The analysis has been conducted to evaluate that investor have to be critical not to over interpret results with the risk of neglecting and under estimating the importance of such a basic concept as portfolio diversification.
This journal shows the significance of calendar trading rules is much weaker when it is assessed in the context of global rules that could reasonably have been evaluated. Evidence provided that daily abnormal returns in January have large means relative to remaining eleven month and small firms experience large returns in January and exceptionally large returns during the first few trading days of January and it is also closely associated to the tax loss selling induced by negative returns over the previous years.
Where as, the week end effect refers to tendency of stocks to exhibit relatively large returns on Fridays compared to those of Monday. Monday effect is associated to the regularities in trading pattern of individual and institutional investor related to the day of the week. We find a relative increase in trading activity by individual on Mondays, in addition, there is no tendency to increase the number of sell transactions relative to buy transaction, which might be due to information which individuals collects over the week end.
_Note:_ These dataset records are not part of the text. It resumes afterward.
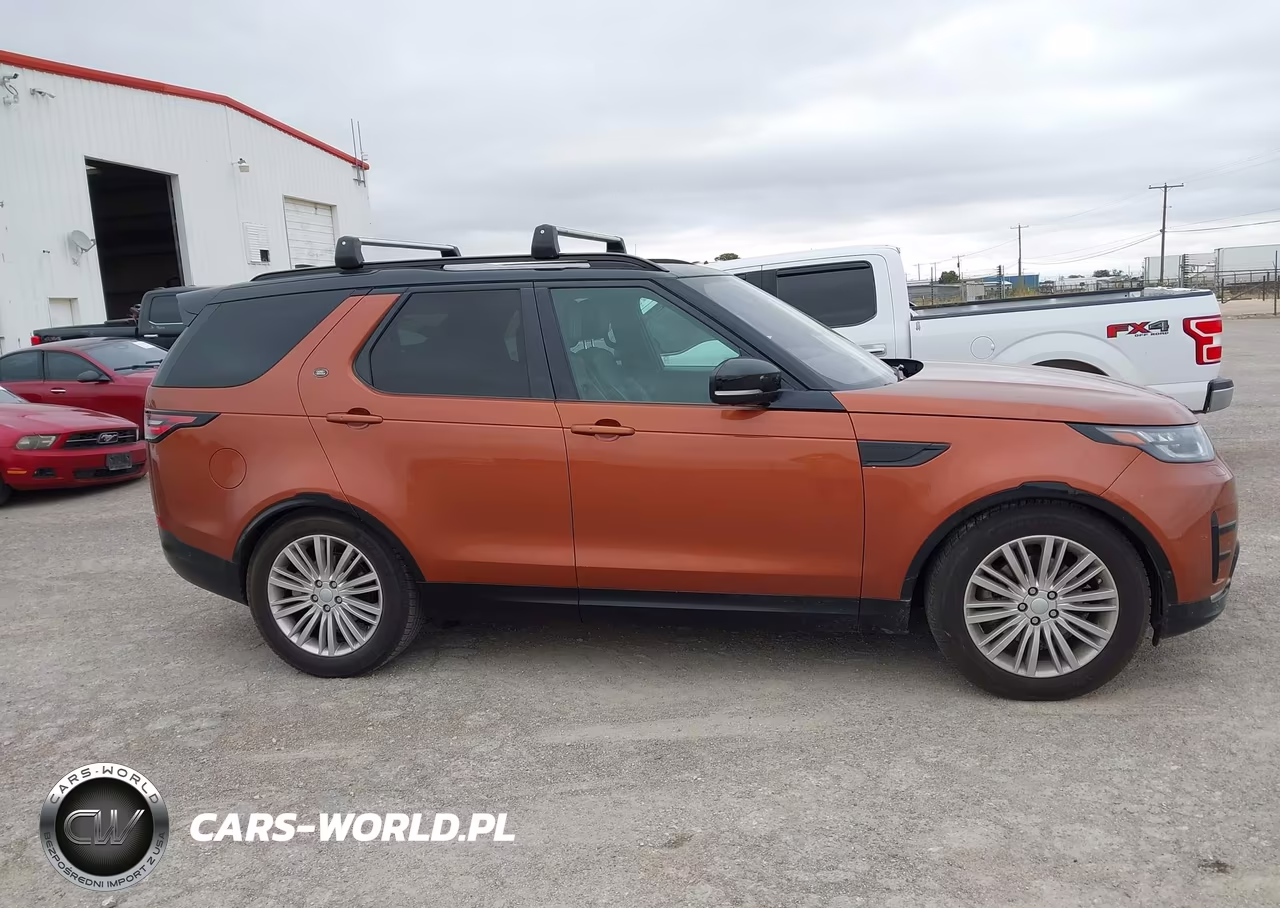 2018 Land Rover Discovery Hse Luxury VIN:SALRT2RKXJA063108 - 13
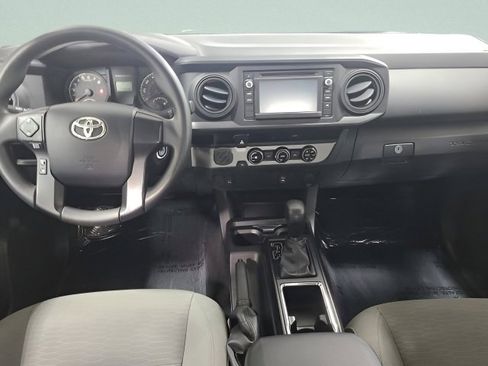 Used 2016 Toyota Tacoma SR RWD image 2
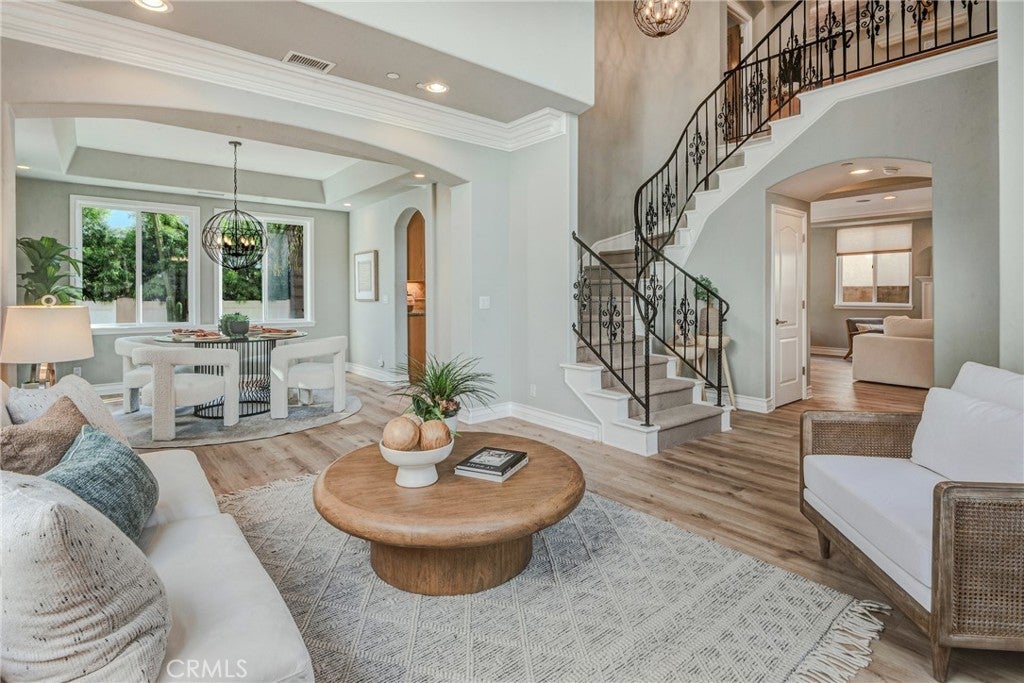 Photo of Listing #SB25081519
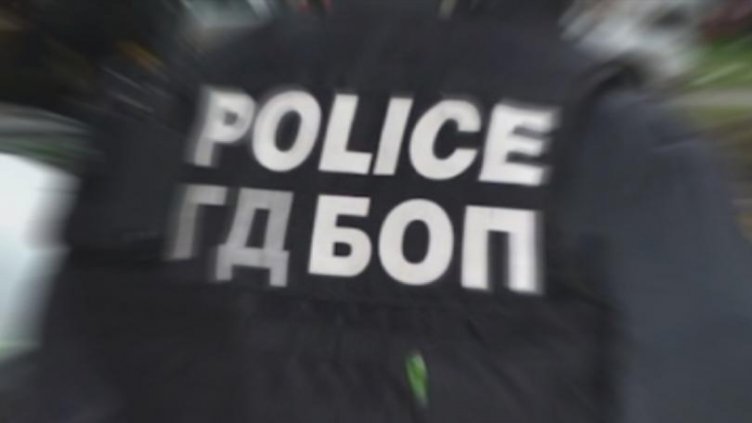 Задържаха у нас трима участници в международна мрежа за трафик на наркотици
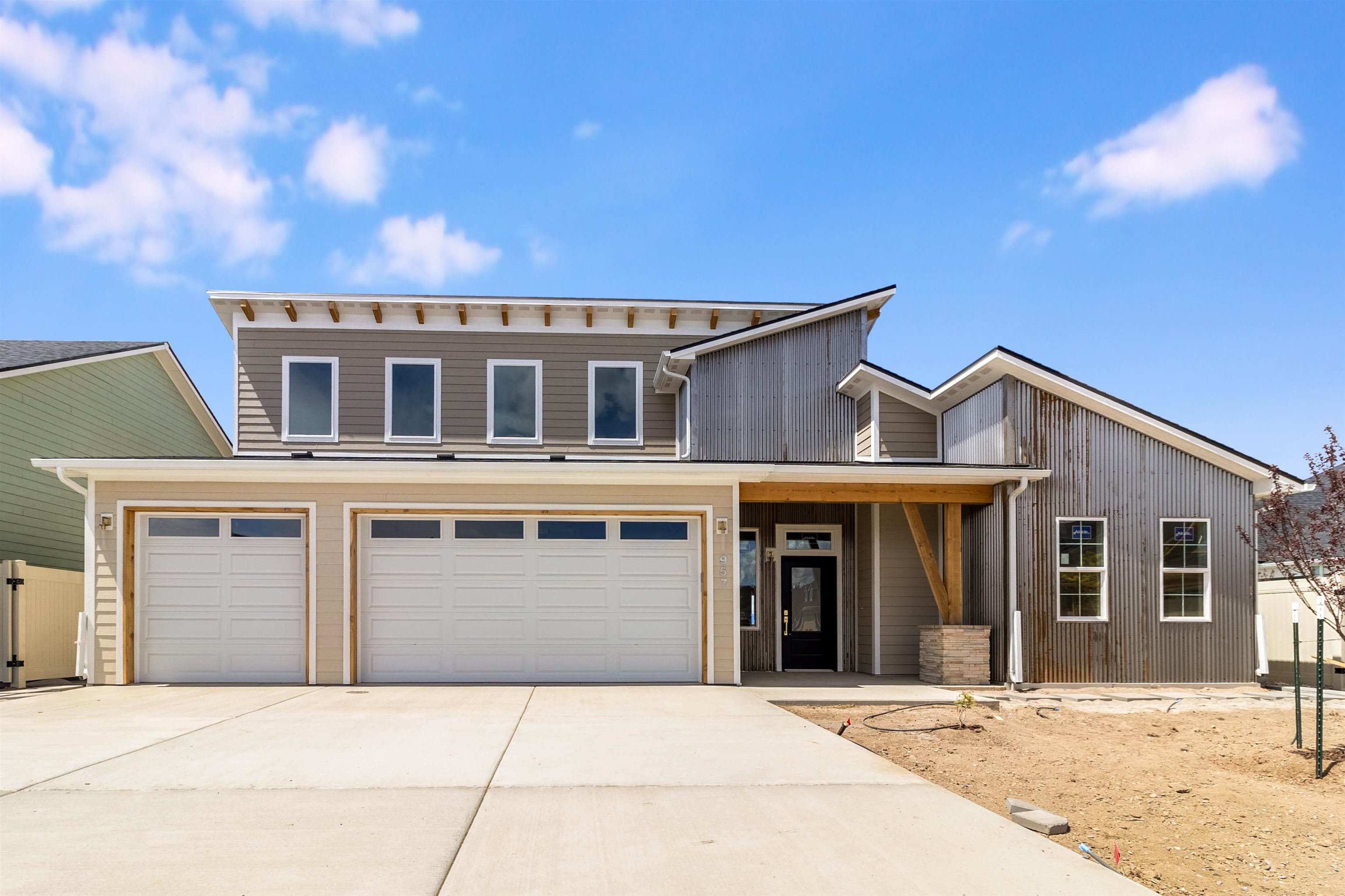 957 Urique Lane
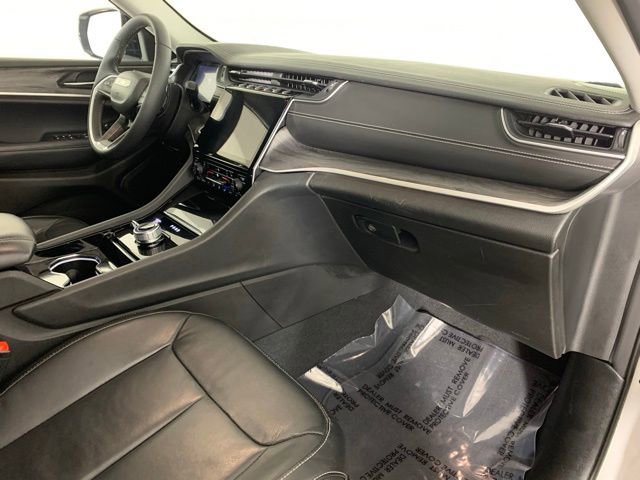 Used 2023 Jeep Grand Cherokee Limited image 23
Last it’s the month end effect, that existence of positive returns only in the first half of the month, and more specifically where the last day of one month and the first three of the next month are particularly high. Which primarily due to higher month end cash flows such as salaries, dividend and interest payments.
The journal acknowledge that there might exit short term anomalies but that these will in a longer perspective be cancelled out so that the market can go back to being perfect efficient. There is no gurantee that markets will be perfect efficient in the short run however as an investor specialized Technical analysis uses from past patterns of price and the volume of trading as the basis for predicting future prices in detecting anomalies and arbitrage opportunities will not be able to attract any abnormal returns due to irregular nature of these anomalies. The random-walk evidence suggests that prices of securities are affected by news. Favorable news will push up the price and vice versa. It is therefore appropriate to question the value of technical analysis as a means of choosing security investments.
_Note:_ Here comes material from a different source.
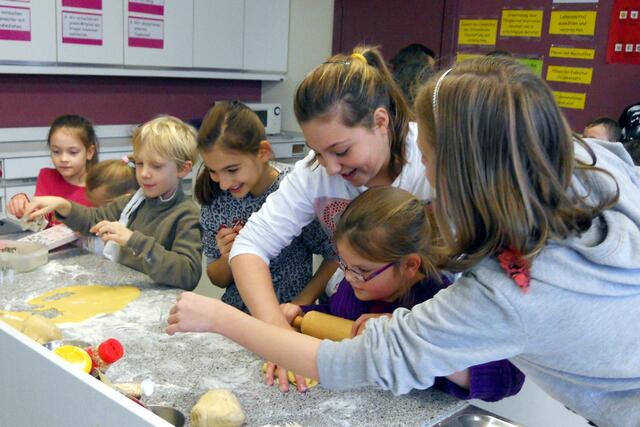 Groß hilft Klein- Motto der Patenklassen an der EWS
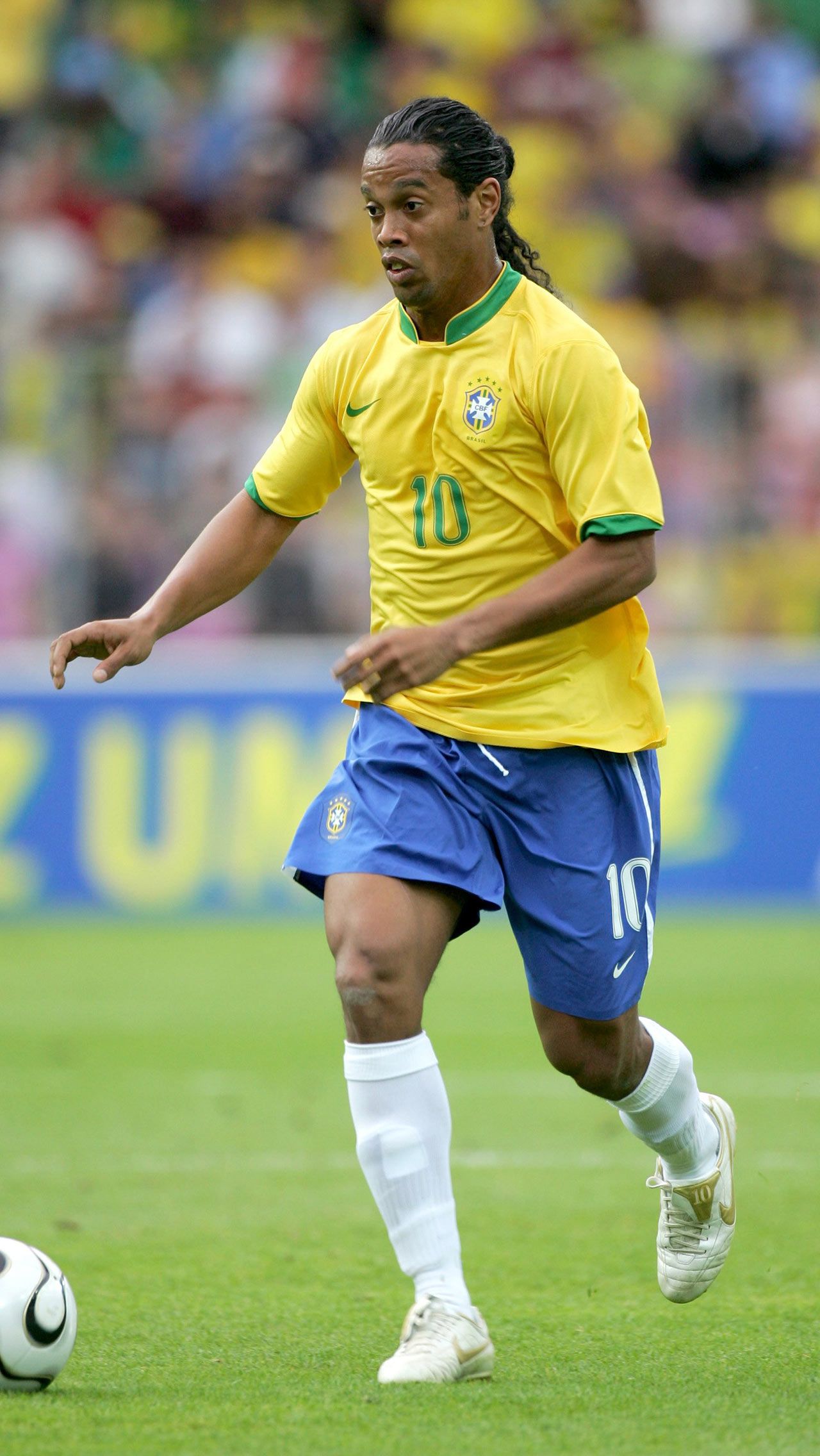 Роналдиньо (Бразилия) — «ЗМ»-2005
Fundamentals analysis involves using market information to determine the essential value of securities in order to identify those securities that are undervalued. However semi strong form market efficiency suggests that fundamentals analysis cannot be used to outperform the market. In an efficient market, equity research and valuation would be a costly task that provided no benefits. The odds of finding an undervalued stock should be random (50/50). Most of the time, the benefits from information collection and equity research would not cover the costs of doing the research.
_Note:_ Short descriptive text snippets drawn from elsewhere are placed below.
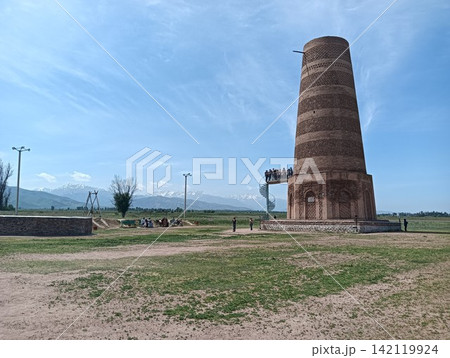 キルギスの世界遺産ブラナ塔と草原の歴史風景 キルギスの世界遺産ブラナ塔と草原の歴史風景 142119924
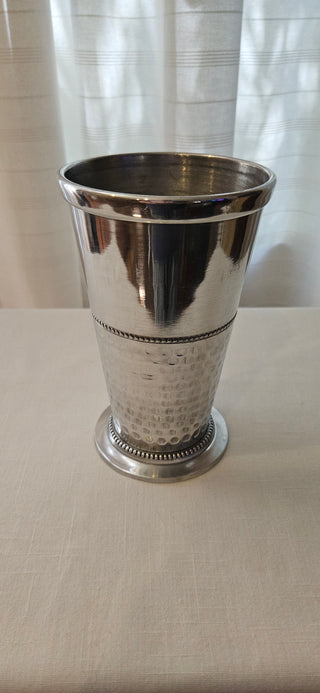 Decorative Metal Tulip Vase
Hammered silver-tone finish
Flared form
Excellent condition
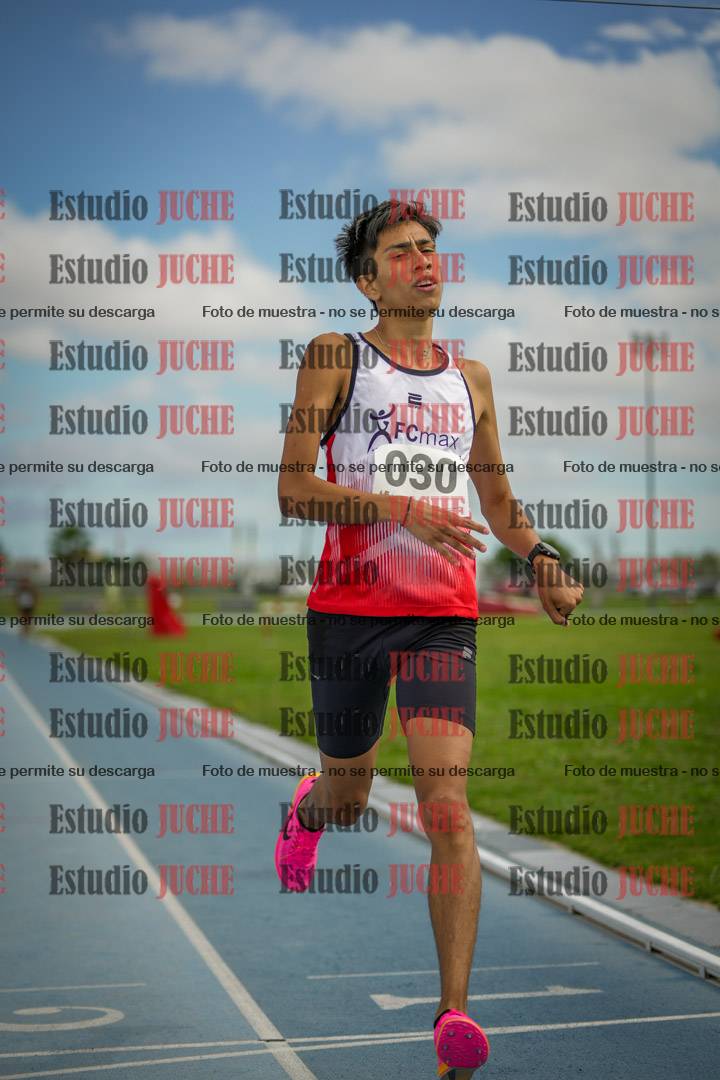 Fotos de los 1000 m llanos de varones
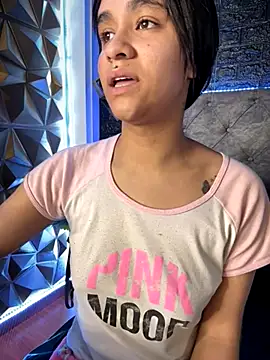 Snapshot of Isabella-Teen chatting on 10.03.25 Isabella-Teen online show from 10.03.25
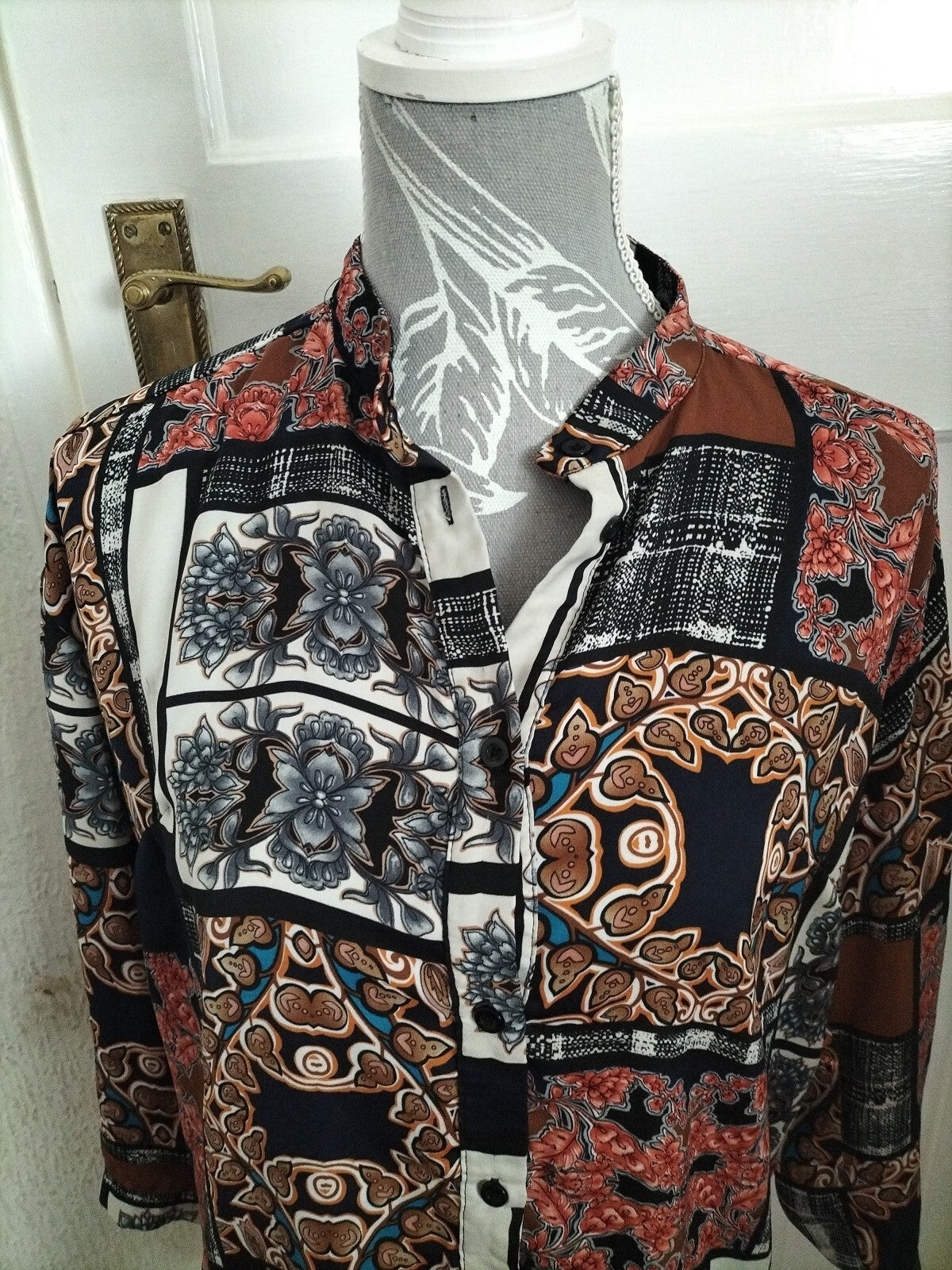 Ladies Love Over Things Size Small Black Multi Colored Long Sleeved Blouse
For optimal investment strategies, investors are suggested should follow a passive investment strategy, which makes no attempt to beat the market. Investors should not select securities randomly according to their risk aversion or the tax positions. This dose not means that there is no portfolio management. In an efficient market, it would be superior strategy to have a randomly diversifying across securities, carrying little or no information cost and minimal execution costs in order to optimize the returns.
The basic question related to market anomalies in whether an identified anomaly is evidence of a stable and long run phenomenon which an investment strategy could be based on or if it is just as the names suggest a short term unique miss pricing.